Lesson 1: Managing user accounts and roles

Managing user accounts and roles is a critical part of Moodle administration. As an administrator, you have the power to control who can access your Moodle site and what they can do once they’re in.

User Accounts:

User accounts are the basic building blocks of any Moodle site. Each person who accesses your site will need a user account. As an administrator, you can create user accounts manually, or users can create their own accounts, depending on your site settings.

When creating user accounts, you’ll need to provide some basic information, such as the user’s full name, email address, and a username. You’ll also need to set a password for the account, which the user can change later.

Once a user account is created, you can edit the account to update information, reset the user’s password, or delete the account if necessary.

User Roles:

Roles in Moodle define what a user can and cannot do within your site. Each role is a collection of permissions that can be assigned to specific users in specific contexts.

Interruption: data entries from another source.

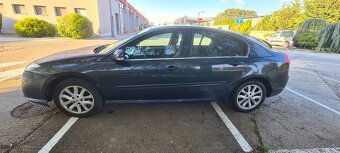 RENAULT LAGUNA - 4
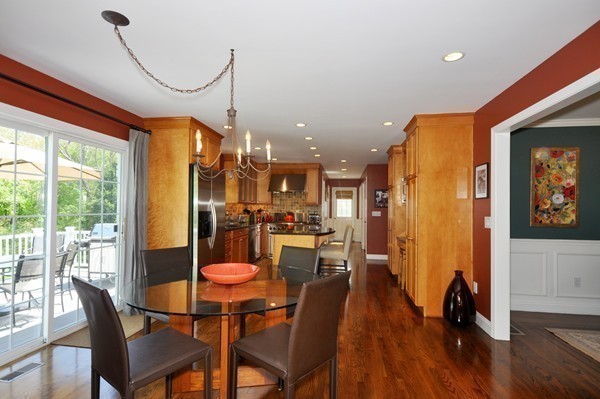 7 Mary Shepherd Road Littleton, MA 01460 - Photo 8 of 30 Gallery Image 8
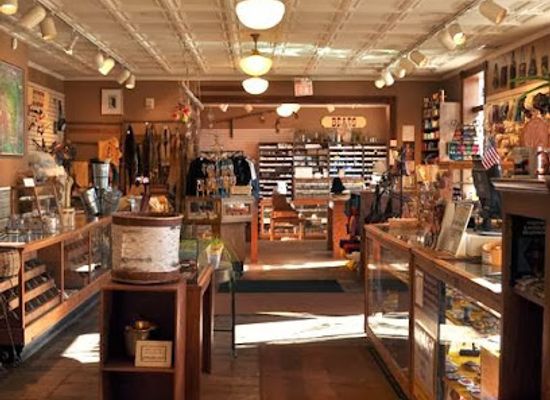 south-dakota/rapid-city/shop/sioux-trading-post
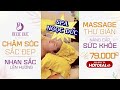 Ngọc Đức Health Spa Nơi Trao Trọn Sức Khỏe Và Sắc Đẹp | Hotdeal Hồ Chí Minh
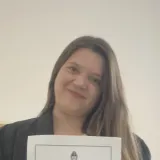 Melina - profesor de derecho civil - Mercedes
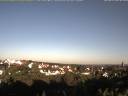 Vorschaubild von 19.08.2025 07:20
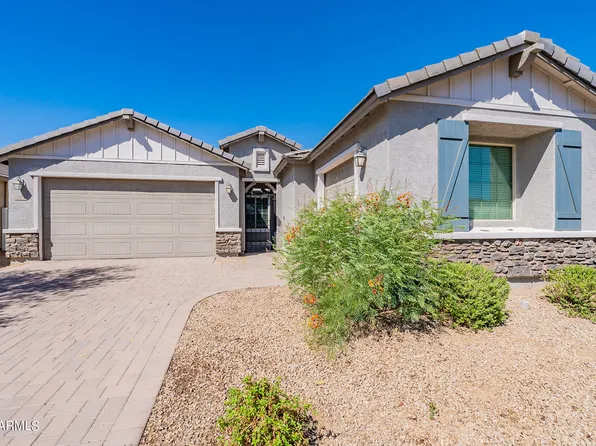 2508 E Nancy Lane, Phoenix, AZ 85042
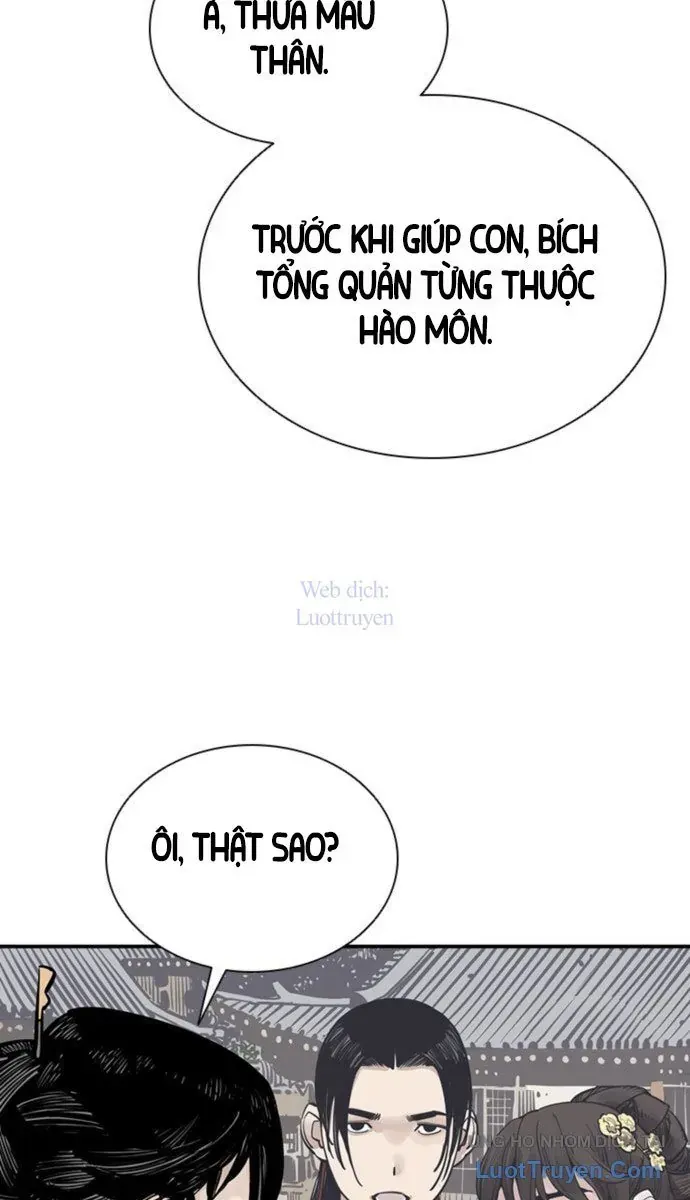 Sát Thủ Tống Lý Thu Chap 61 - Next Chap 62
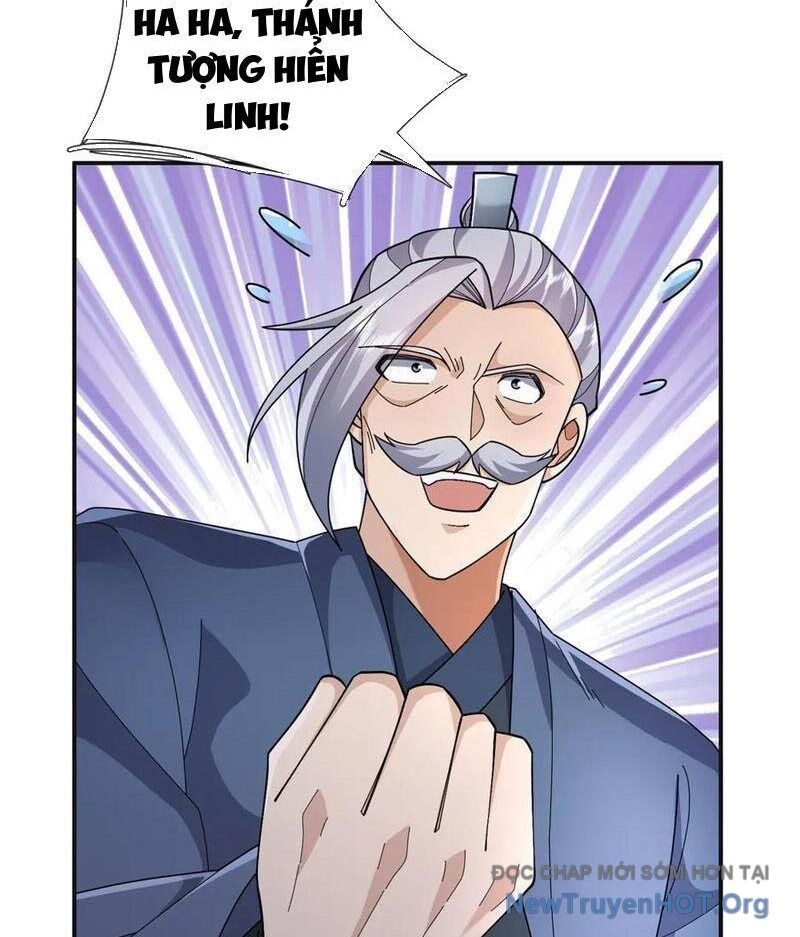 Ngủ Say Vạn Cổ: Xuất Thế Quét Ngang Chư Thiên Chap 106 - Next Chap 107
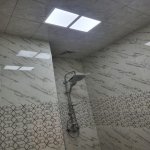 Satılır 2 otaqlı Yeni Tikili, Əhmədli metrosu, Xətai rayonu 14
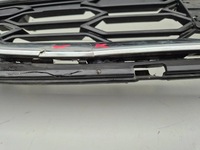 фото thumb №8, Seat ibiza v 6f0 2018 решітка радіатора решітка радіатора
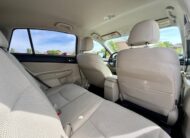 2013 Subaru Crosstrek 2.0i Premium Sport Utility 4D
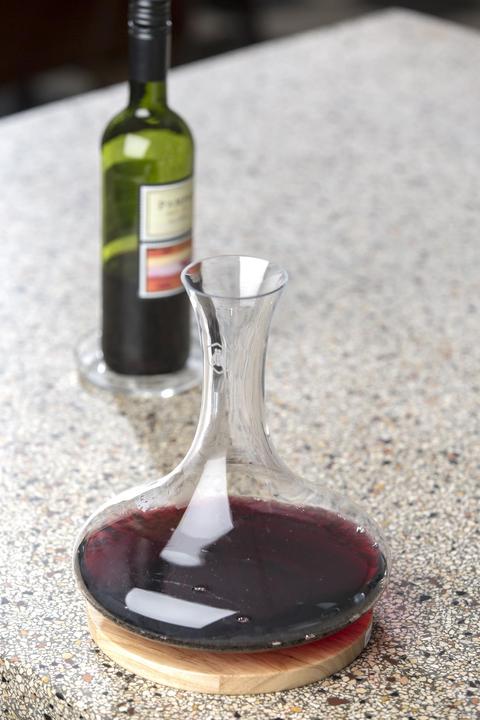 Produktbild Laguiole Brocas (1 l)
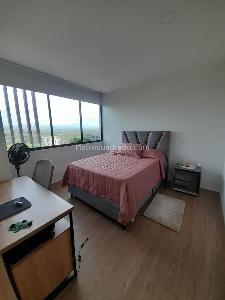 Apartamento en venta en Cerritos, Pereira · foto 7 de 10
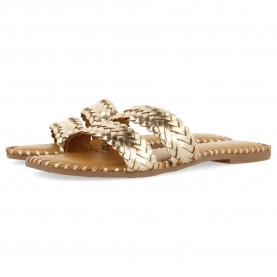сандали,дамски,сандали,и,чехли,gioseppo,perham,sandals,platinum,(golden)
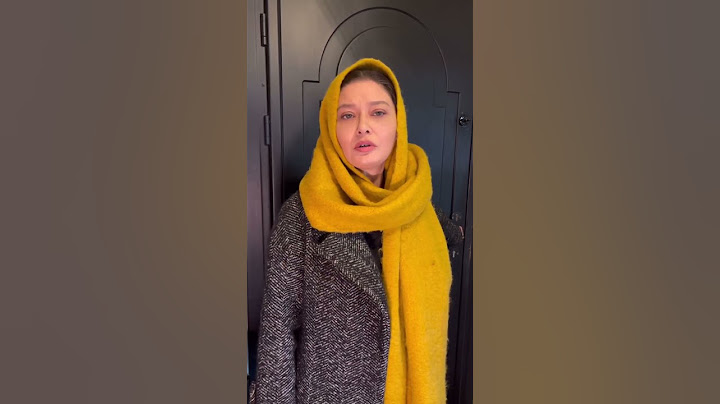 Nurgül Yeşilçay'dan 'Eşiniz sizi dinliyor mu?' testi #nurgülyeşilçay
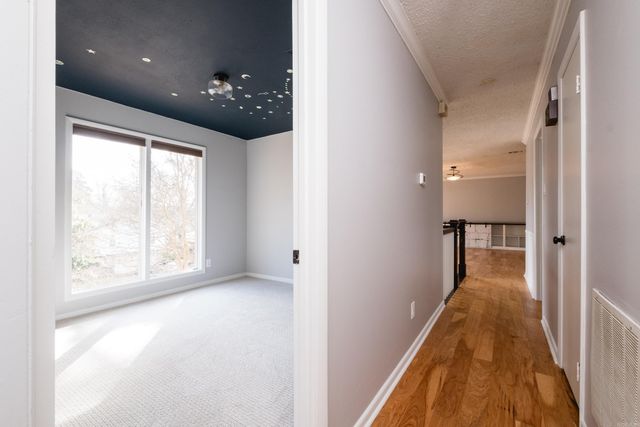 3210 ROCKY Court, Little Rock, AR 72227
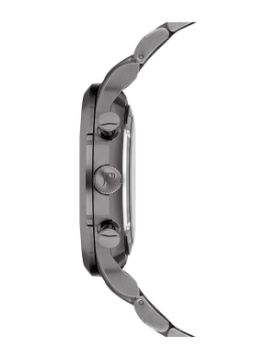 Jacques Philippe Quartz Erkek Kol Saati JPQGC0383X7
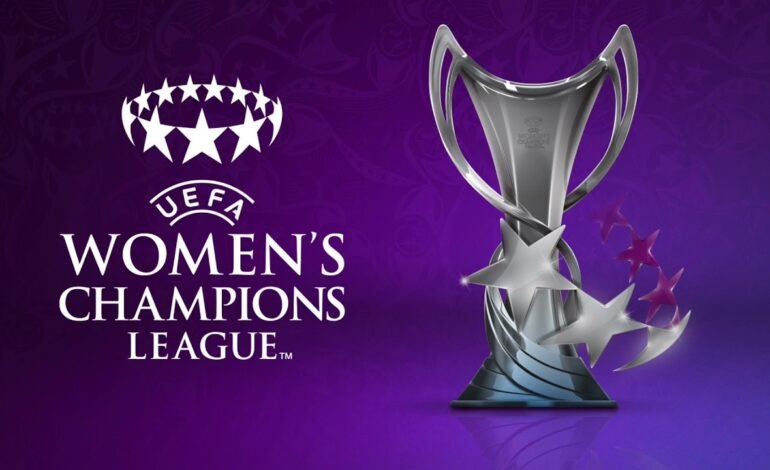 Champions League Women΄s : Μπάγερν Μονάχου- Άρσεναλ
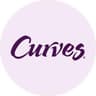 Curves logo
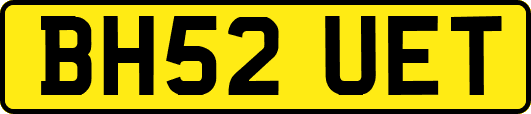 BH52UET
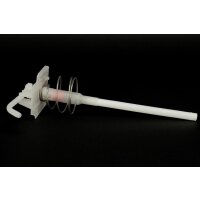 Austauschpumpe Els Kunstst. f. 1L St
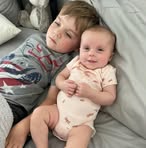 Kay Whitaker - Facebook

Moodle comes with several predefined roles, including:

Administrator: Has full access to the site. Can do everything.
Course Creator: Can create and manage courses and teach in them.
Teacher: Can teach in courses and grade students, but not create new courses.
Non-editing Teacher: Can teach in courses and grade students, but can’t alter activities or resources.
Student: Can participate in courses but not alter them.
Guest: Has minimal privileges and usually can’t enter text anywhere.
As an administrator, you can assign roles to users at the site level, the category level, the course level, or the activity level. This allows you to control access and permissions with a high degree of granularity.